_WHAT YOU WILL DO_: Write out, exactly as they stand, the line containing "<span class=keywords><strong>Miroir</strong></span> sur" and all subsequent lines up to and including the final line of the records.

Scraped caption text data:
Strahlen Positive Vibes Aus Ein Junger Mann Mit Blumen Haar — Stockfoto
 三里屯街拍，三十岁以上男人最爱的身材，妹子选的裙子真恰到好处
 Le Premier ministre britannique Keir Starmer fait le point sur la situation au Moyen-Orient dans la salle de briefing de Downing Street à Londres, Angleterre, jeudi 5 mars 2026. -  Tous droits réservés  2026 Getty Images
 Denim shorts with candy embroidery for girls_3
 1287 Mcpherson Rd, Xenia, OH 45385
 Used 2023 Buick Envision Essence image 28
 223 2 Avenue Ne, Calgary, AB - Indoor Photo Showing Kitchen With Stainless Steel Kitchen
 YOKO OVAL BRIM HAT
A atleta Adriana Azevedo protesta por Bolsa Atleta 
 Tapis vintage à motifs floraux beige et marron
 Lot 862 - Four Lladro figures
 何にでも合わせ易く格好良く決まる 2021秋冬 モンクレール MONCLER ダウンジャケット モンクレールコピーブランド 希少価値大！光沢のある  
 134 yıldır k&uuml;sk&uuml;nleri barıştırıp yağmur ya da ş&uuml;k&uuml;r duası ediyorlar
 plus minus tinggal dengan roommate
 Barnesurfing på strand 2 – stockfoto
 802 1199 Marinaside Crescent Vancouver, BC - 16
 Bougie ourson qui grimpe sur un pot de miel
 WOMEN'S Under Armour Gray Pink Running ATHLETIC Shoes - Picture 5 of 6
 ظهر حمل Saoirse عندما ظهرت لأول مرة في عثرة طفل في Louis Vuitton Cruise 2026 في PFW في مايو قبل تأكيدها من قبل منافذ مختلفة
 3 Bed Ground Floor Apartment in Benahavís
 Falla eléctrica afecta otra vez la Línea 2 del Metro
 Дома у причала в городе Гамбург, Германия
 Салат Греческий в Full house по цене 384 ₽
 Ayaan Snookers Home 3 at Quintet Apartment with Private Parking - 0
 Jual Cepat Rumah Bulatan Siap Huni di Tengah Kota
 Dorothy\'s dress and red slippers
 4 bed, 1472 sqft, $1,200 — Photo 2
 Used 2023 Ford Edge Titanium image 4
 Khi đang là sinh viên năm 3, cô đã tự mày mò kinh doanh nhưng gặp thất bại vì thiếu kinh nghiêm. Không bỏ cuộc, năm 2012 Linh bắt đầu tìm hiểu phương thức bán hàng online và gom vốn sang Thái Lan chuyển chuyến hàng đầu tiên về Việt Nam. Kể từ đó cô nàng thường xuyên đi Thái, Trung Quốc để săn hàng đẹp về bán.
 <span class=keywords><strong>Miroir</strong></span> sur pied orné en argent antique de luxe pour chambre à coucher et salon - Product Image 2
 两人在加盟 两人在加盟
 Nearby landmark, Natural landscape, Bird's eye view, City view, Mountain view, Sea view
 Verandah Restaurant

_SOLUTION TO THE EXERCISE_:
 <span class=keywords><strong>Miroir</strong></span> sur pied orné en argent antique de luxe pour chambre à coucher et salon - Product Image 2
 两人在加盟 两人在加盟
 Nearby landmark, Natural landscape, Bird's eye view, City view, Mountain view, Sea view
 Verandah Restaurant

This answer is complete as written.